「過去を知りたい、知りたくない」
〜お題もの「恋にありがちな20の出来事」より〜

 

あなたが言いたくないことだったら訊かない。

それはおそらく、私が知らなくてもいいことだから。


あなたが忘れたいことは私も忘れる。

だってそれは、ふたりにとって憶えていなくてもいいことだから。

 


私はずっとそうしてきた。


誰よりも大事なのはジョー。
大事なジョーが嫌がることを聞き出したりなんてしないし、それに――彼の過去に興味はないわ。
好きだから彼の全てを知りたいなんて、「好き」という言葉をいいように解釈しただけのただの身勝手な願望に過ぎない。
私は自分のつごうで彼のことを根掘り葉掘り知ろうとは思わない。
ジョーが話したいと思ったら聞く。

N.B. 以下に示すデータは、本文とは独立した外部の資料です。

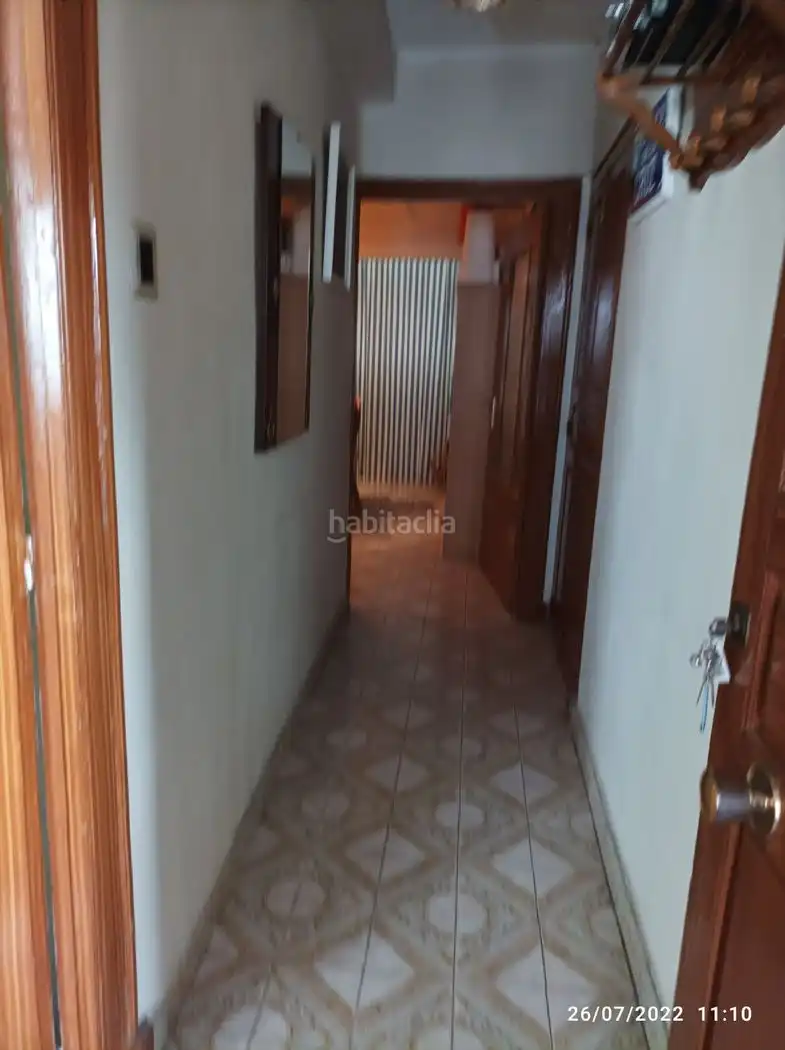 Flat for sale in Calle Recreo 17, imagen 9
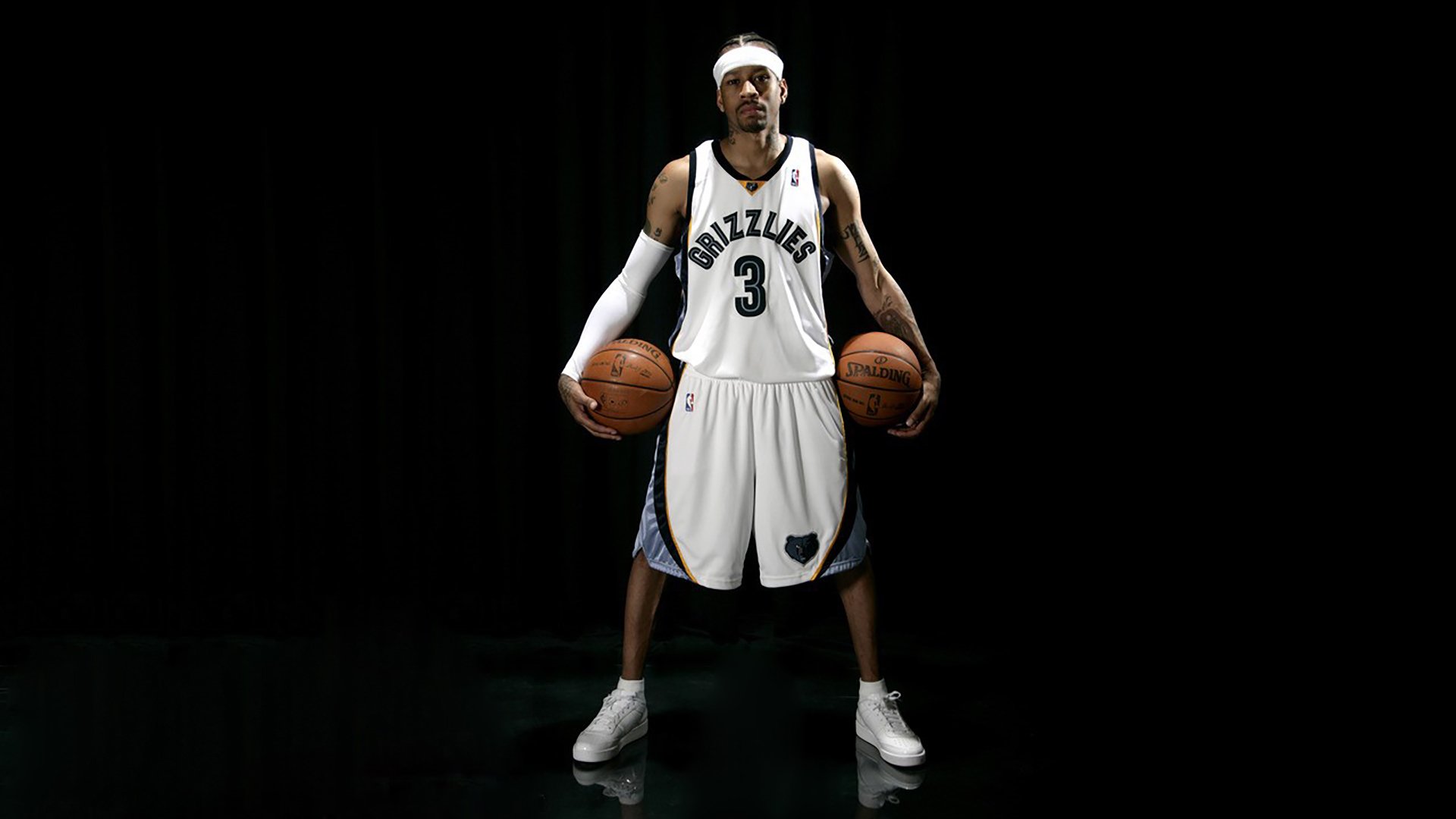 红魔破盾记，当曼联的坚韧遇上内马尔的魔法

それだけでいい。


ジョーが昔どんな育ち方をしたのか、鑑別所に入るきっかけになった事件は何なのかとか、その鑑別所でどう過ごしていたのかとか。
そんなことは、私が知らなくてもいいこと。
ジョーが話したくなったら話してくれることだし、話したくなければそれでも全然構わない。

大事なのは、いまのこと。

いま目の前にいるジョーが私にとっては一番大切。


この大切なひとを作っているのは彼の過去の色々な経験や様々な思い。
何があったにせよ、今の彼を造る素になっているのは間違いない。
だから何があってもきっと、私はそれらを含めてジョーの全てを好きでいられるし、実際、好きなのだから。

 

だから――

 

 

 

 

――マユミさんて、ジョーとどんな関係のひとなの?

 

初恋のひと?

 

今も好きなの?

 

好きだったの?

 

 

――そんなことは、どうでもいい。

訊きたくないし、訊かないわ。知らなくてもいいんだもの。

 

知りたくないの。

 

 

 

 

 

――キャサリン王女とはどうやって知り合ったの?

 

デートしたって本当?

 

好きだったの?

 

今も――好きなの?

 

 

どうでもいい。

そんなの、知らなくていい。知りたくない。

 

 

 

 

 

――ユリさんとはどれくらい一緒にいたの?

 

不良時代のジョーを知ってるってことは、かなり古い付き合いよね?

 

もしかして、ジョーの初めてのひとって・・・

 

 

知りたくない。

知らなくていい。

 

 

 

知 り た く な い の ! !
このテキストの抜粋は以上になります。